Sedangkan untuk urusan dengan partai politik, dalam kaitannya dengan
posisi anggota dewan yang punya peran mengawasi, maka partai politik
sebagai perwakilan dari konstituen yang memilihnya, maka peran itu harus
berjalan. Proses bertanya, memeriksa dan mengawasi jalannya
pemerintahan harus tetap berjalan agar bisa kembali
dipertanggungjawabkan kepada pemilih dan rakyat secara keseluruhan.
Jadi akan membingungkan bila Presiden dan kita semua terjebak dalam
pencampuradukan masalah dengan penyederhanaan yang serampangan tentang
kaidah bernegara atas negeri ini. Tentu saja ini buah dari
penyederhanaan tentang jabatan-jabatan di jagat politik negeri ini. Di
mana ketua partai, menteri bahkan presiden dijabat dengan orang-orang
yang itu-itu juga.
Sungguh praktek berpolitik yang konyol itu yang menjadikannya kasus
membahas solusi BBM harus melebar terlalu luas ke mana-mana. Apalagi di
media Kompasiana ini yang terkadang masih ditemukan pembahasan yang
terlalu mencampuradukan berbagai urusan, kasus dan persoalan.
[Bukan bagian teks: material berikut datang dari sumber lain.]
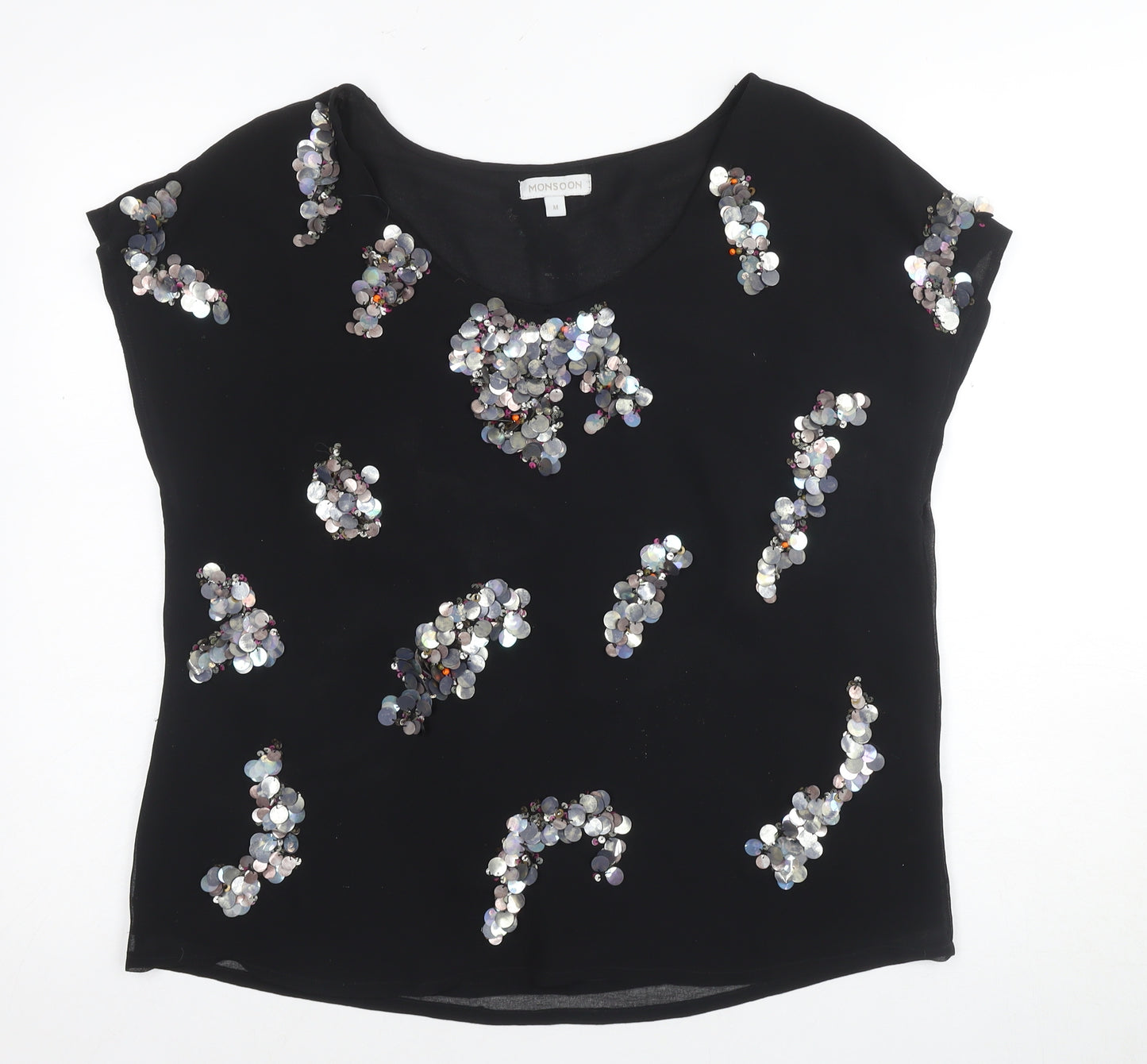 Monsoon Women's Black Sequin Blouse - Size M
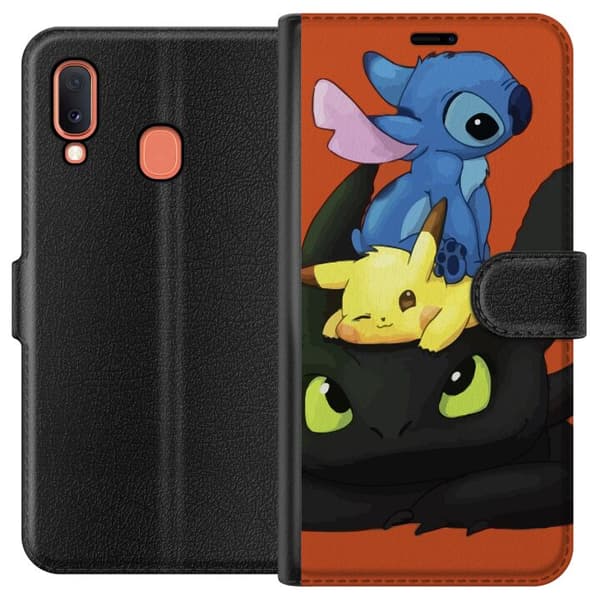 Kompatibelt Lommeboketui til Samsung Galaxy A20e Lilo og Stitch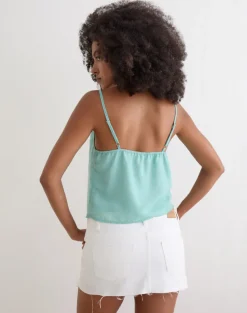 Tavina Top in Chiffon Floral Sequin Turquoise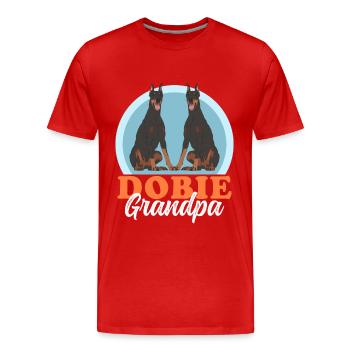 Doberman Dog Owner Dobie Grandpa Gift - Men's Premium Organic T-Shirt - red - Front - Damien (186cm)
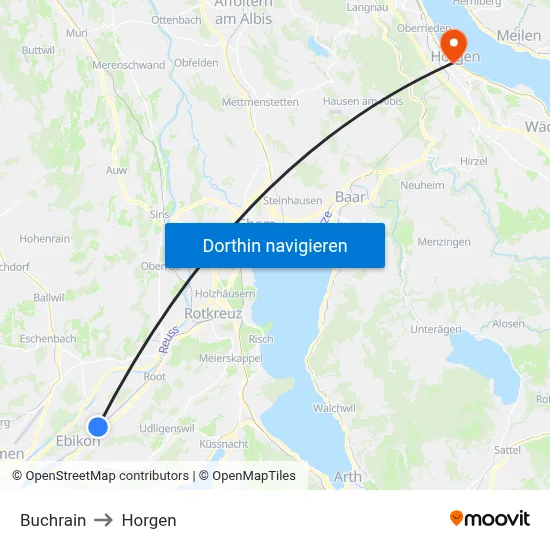 Buchrain to Horgen map
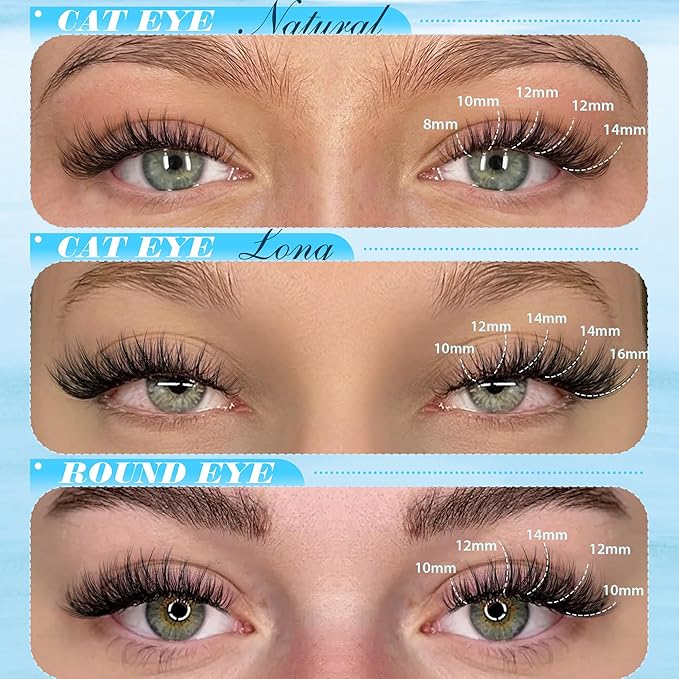 Pawotence Lash Clusters Kit Wispy Lash Extension Kit 8-16mm Natural Cluster Eyelash Extension Kit Individual Lashes 154pcs Eyelash Clusters with Lash Bond and Seal, Lash Tweezers for Self Use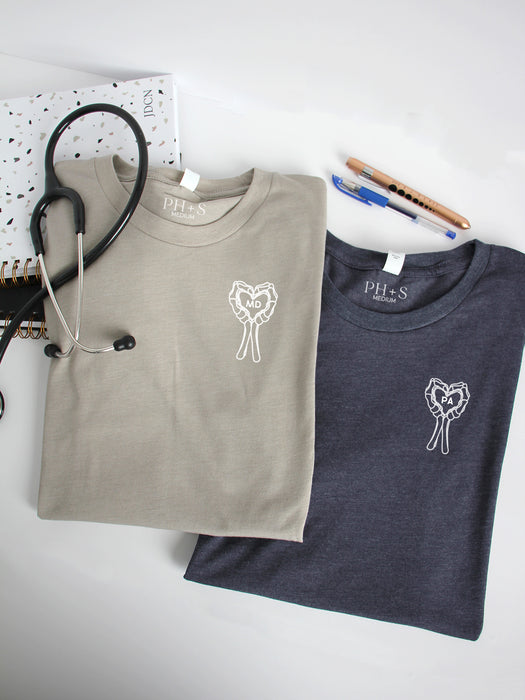 Spooky Heart on Stone & Heather Navy long sleeve shirts.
Sehingga
jalan pikiran untuk mendiskusikan BBM dengan bernas menjadi terlupakan.
Sebaiknya momen ini kita manfaatkan sebaik-baiknya untuk menelaah mana
hal-hal yang substantif yang harus menjadi agenda perbaikan berbagai
segi dari tata laksana pemerintahan di negeri ini. Tidak semua hal yang
bernilai populer yang harus diangkat. Ada hal-hal yang substantif harus
terus menjadi perhatian dan dengan sadar dilakukan perbaikan.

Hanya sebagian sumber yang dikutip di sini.